USB Restricted Mode In iOS 11.4.1 Isn’t As Secure As It Seems

USB Restricted Mode In iOS 11.4.1 Isn’t As Secure As It Seems

“Ahh-ha!” you think to yourself. “Apple has finally made it impossible for the police to see what’s on my confiscated iPhone.”

Not quite.

Apple dropped iOS 11.4.1 today, which you should absolutely go install with the big caveat that iOS 11.4 — if you haven’t upgraded already — might cause some unintended battery issues with your device.

The big change in this relatively minor update is the inclusion of Apple’s new USB Restricted mode, which supposedly makes it a lot more difficult for someone to brute-force their way into your device or make use of any other clever exploit, deployed via an iPhone or iPad’s Lightning port, to get past your device’s passcode.

USB Restricted Mode is enabled by default once you install iOS 11.4.1, even though Apple has made the wording a little tricky.

If you hit up the Settings app, tap on Touch ID or (Face ID) & Passcode, authenticate in, scroll down, and look for the “USB Accessories” option, it’s disabled. That’s what you want, though. That means that your iPhone or iPad won’t allow USB devices to connect after your device has been locked for an hour.

Flip it on, and you’re turning off USB Restricted Mode — any physically connected USB devices will be able to access your phone. So, when you get pulled over and arrested, the police will be able to break into your device using their fancy tools.

Or, rather, as Apple puts it, USB Restricted Mode gives you more safety against hackers and such, because that was the reason for the feature’s creation. Mm-hmm.

Apple’s support page notes that you might need to unlock your iPhone or iPad in order for a connected USB accessory to work. That includes accessories that power your iPhone or iPad:

Starting with iOS 11.4.1, if you use USB accessories with your iPhone, iPad, or iPod touch, or if you connect your device to a Mac or PC, you might need to unlock your device for it to recognise and use the accessory. Your accessory then remains connected, even if your device is subsequently locked.

If you don’t first unlock your password-protected iOS device — or you haven’t unlocked and connected it to a USB accessory within the past hour — your iOS device won’t communicate with the accessory or computer, and in some cases, it might not charge. You might also see an alert asking you to unlock your device to use accessories.

What Apple doesn’t mention — and we wonder if there will soon be an iOS 11.4.2 to correct this — is that apparently it isn’t that difficult to bypass USB Restricted Mode in some instances.

If it’s enabled on a device and the hour time limit has passed, a third party won’t be able to connect some magical device and break into your iPhone or iPad. However, if someone confiscates your device and plugs in the right USB accessories, they can actually prevent this one-hour countdown from happening.

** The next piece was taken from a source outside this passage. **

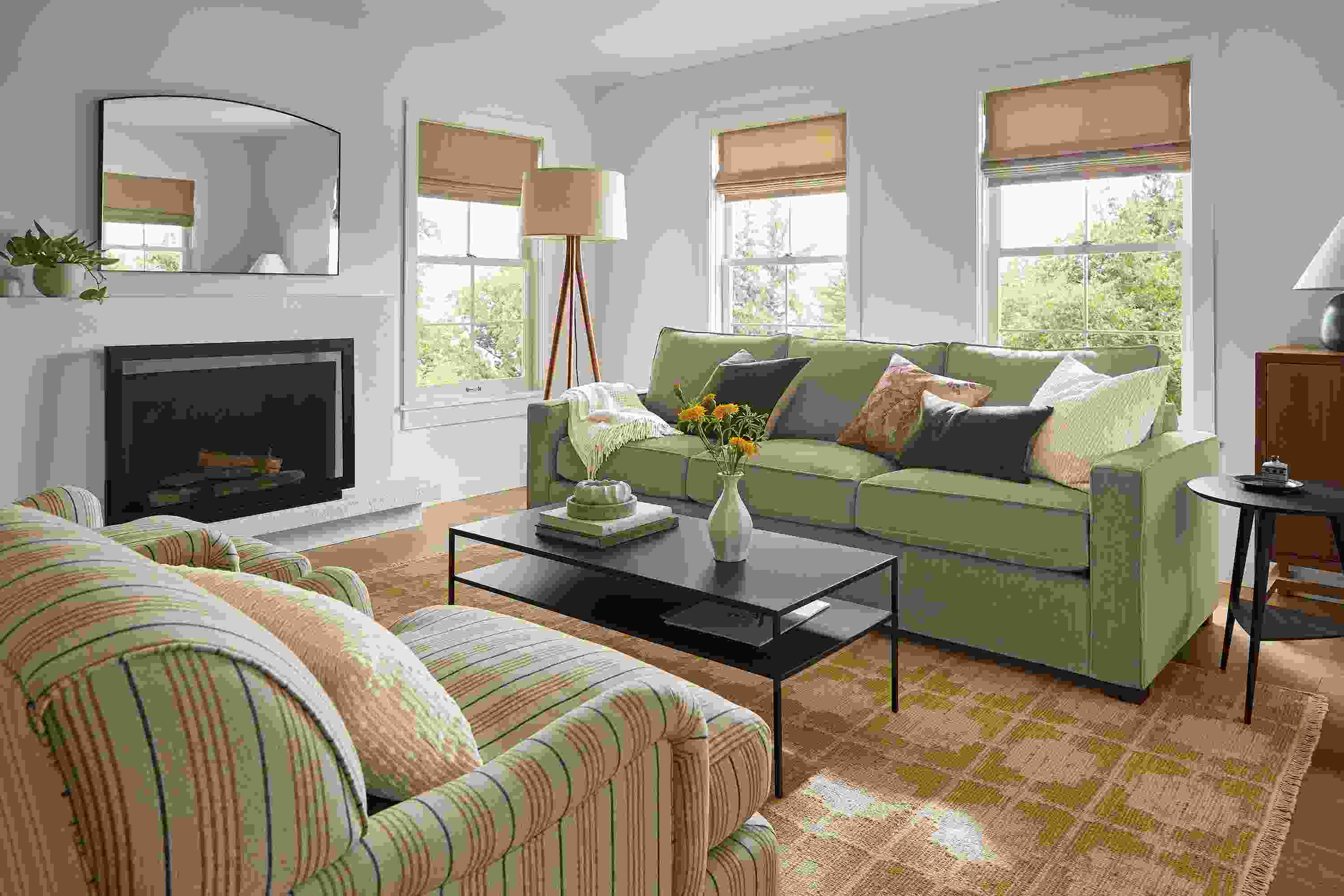 Living room with York 98-wide sofa in Crawford Putty, 2 Humphrey chairs in Prescott Natural and slim coffee table in natural.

As Elcomsoft’s Oleg Afonin describes:

What we discovered is that iOS will reset the USB Restrictive Mode countdown timer even if one connects the iPhone to an untrusted USB accessory, one that has never been paired to the iPhone before (well, in fact the accessories do not require pairing at all). In other words, once the police officer seizes an iPhone, he or she would need to immediately connect that iPhone to a compatible USB accessory to prevent USB Restricted Mode lock after one hour. Importantly, this only helps if the iPhone has still not entered USB Restricted Mode.

Our advice? If you’re up to no good and you’re about to get caught, try thinking of a more creative approach for concealing your smartphone’s contents. Or, better yet, don’t use your brand-new iPhone X to run your crime syndicate.